Eines der jüngsten Gesichter (und kleinsten Fotos) ist das von Sebastiaan de Vos. Der Hotelmanager mit dem akkurat gestutzten Bart stammt aus den Niederlanden. De Vos ist 28 Jahre alt. Bereits mit 25 führte er sein erstes Hotel, das Berghotel Malta im Nationalpark Hohe Tauern. Auf seine Aufgaben im Magdas hat ihn dies nur zum Teil vorbereitet: Hier ist er abwechselnd Manager, Ausbilder, Motivationstrainer, Inneneinrichter und Sozialarbeiter. Genau wie seine fünf Abteilungsleiter. Die sind alle Hotelprofis und sollen sicherstellen, dass der Betrieb läuft und die erwachsenen Jobanfänger bei der Arbeit möglichst viel lernen. Damit aus seinen Angestellten aus der ganzen Welt schnell ein Team wird, beschäftigt de Vos zusätzlich einen Jobcoach.

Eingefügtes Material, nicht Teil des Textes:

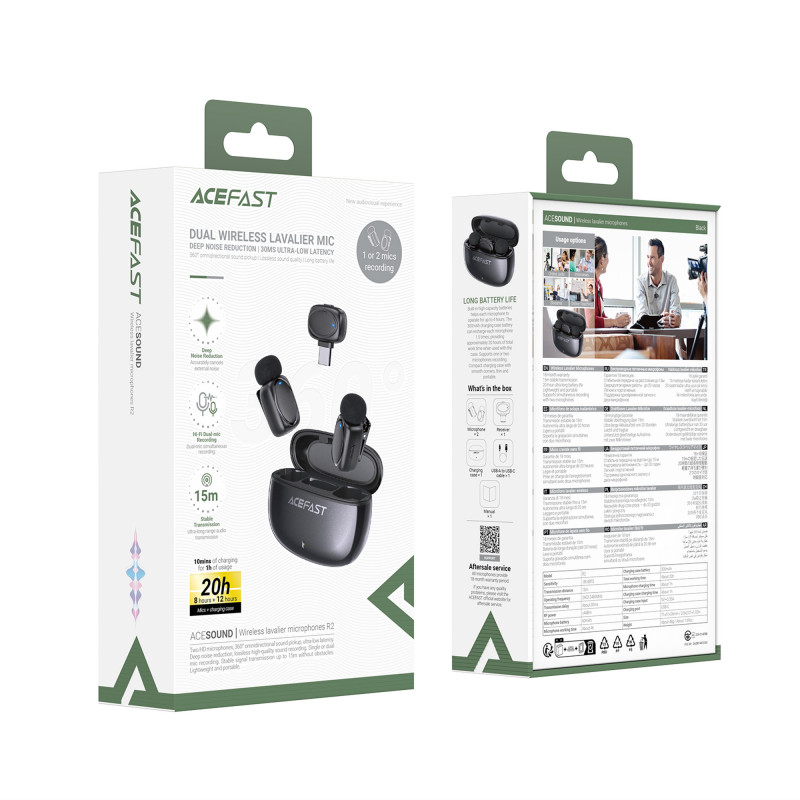 Бездротова мікрофонна система ACEFAST R2 wireless lavalier microphones Black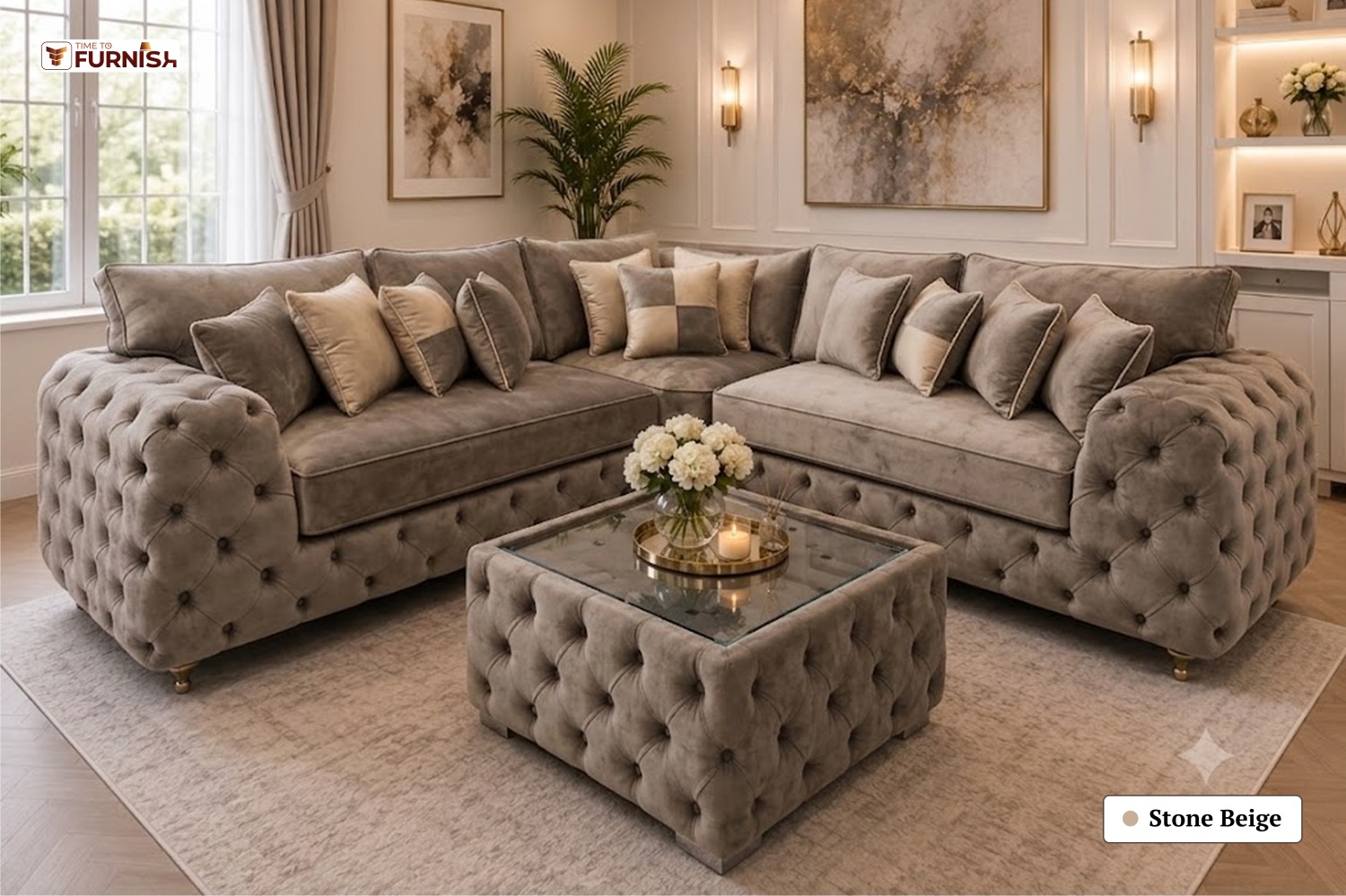 TTF-S-Zayna2611 Luxury Fabric Sofa  Sofa Only (Optional Coffee Table Available)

An diesem Samstag scheint der Hotelchef überall zugleich zu sein. Begrüßt Gäste – viele sind vorbeigekommen, um sich das neue Haus anzuschauen und einen Kaffee im Salon zu trinken – und dirigiert Angestellte und Handwerker. Noch sind nicht alle der 78 Zimmer, davon vier Suiten und zwei Apartments, komplett eingerichtet. Ende März soll es so weit sein. Bis dahin gibt es die Übernachtung noch zum Einführungspreis.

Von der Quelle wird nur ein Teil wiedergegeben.